The limits of single-thread performance and the demands of emerging applications have caused a shift toward increasingly concurrent and parallel software. For example, concurrency and parallelism unlock the performance and energy benefits of multi-core architectures and many domains like servers, mobile devices, and cloud applications require concurrency. Unfortunately, writing correct, reliable concurrent software is extremely difficult. In this talk, I will discuss my research on using architecture and system support to make programs easier to debug and less prone to failure.
First, I will present Recon, a new technique for concurrency debugging. Using a simple statistical model, Recon isolates and reconstructs the root cause of failures to help programmers understand their errors. With hardware support, Recon works efficiently even in production. In experiments with real, buggy programs (e.g., MySQL, Apache) we showed Recon reveals bug root causes with few – often 0 – false positives.

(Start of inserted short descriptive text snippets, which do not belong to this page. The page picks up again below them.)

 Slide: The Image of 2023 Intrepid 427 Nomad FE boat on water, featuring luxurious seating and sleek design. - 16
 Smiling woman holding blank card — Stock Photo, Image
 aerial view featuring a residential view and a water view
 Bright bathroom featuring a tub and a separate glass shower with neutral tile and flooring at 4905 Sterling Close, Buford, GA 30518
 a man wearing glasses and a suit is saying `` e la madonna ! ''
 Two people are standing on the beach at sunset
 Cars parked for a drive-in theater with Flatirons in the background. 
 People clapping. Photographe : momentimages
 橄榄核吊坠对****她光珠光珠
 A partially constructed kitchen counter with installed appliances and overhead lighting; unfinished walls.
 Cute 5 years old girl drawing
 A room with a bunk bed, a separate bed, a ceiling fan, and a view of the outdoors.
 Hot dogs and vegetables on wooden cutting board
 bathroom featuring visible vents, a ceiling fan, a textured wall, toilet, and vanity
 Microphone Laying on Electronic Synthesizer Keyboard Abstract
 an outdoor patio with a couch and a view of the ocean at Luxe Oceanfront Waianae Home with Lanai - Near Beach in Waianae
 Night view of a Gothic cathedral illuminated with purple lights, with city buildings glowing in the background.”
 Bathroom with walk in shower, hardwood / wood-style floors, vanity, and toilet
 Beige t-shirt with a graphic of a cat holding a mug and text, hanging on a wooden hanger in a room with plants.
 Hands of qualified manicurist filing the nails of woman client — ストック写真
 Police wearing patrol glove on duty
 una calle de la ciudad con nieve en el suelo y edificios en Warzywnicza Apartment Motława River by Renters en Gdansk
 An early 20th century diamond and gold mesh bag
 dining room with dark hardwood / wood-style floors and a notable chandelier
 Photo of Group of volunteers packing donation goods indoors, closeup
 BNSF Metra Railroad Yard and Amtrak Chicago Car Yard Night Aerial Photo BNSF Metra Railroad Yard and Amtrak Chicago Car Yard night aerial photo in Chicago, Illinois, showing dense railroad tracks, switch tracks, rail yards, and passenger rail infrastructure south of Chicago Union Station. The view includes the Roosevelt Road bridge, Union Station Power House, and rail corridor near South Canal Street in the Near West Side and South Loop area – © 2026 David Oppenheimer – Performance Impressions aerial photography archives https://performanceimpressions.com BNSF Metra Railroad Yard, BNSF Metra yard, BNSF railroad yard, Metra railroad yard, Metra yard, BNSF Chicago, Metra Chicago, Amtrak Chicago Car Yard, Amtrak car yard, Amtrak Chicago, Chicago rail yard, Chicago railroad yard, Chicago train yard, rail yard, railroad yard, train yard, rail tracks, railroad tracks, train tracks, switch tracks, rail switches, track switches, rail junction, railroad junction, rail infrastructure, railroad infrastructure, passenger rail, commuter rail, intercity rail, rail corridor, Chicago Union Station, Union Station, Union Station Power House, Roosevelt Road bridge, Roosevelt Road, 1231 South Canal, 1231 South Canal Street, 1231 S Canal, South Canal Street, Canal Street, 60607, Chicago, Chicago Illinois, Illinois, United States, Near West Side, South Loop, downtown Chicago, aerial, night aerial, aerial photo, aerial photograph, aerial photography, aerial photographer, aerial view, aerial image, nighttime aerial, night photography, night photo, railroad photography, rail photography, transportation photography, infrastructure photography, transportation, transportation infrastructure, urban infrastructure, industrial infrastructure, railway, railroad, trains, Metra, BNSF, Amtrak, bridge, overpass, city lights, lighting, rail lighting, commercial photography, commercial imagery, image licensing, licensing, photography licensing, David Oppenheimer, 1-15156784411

Second, I will present Aviso, a new technique for avoiding failures in buggy concurrent programs. Aviso traces events as programs run. When an execution fails, Aviso uses the failing event trace and a statistical model to generate thread schedule constraints that prevent the same failure from occurring in the future. Collections of systems running Aviso can work cooperatively to find and share effective constraints. Our experiments with real software show that Aviso decreases failure rates by up to two orders of magnitude with performance overheads tolerable for production use.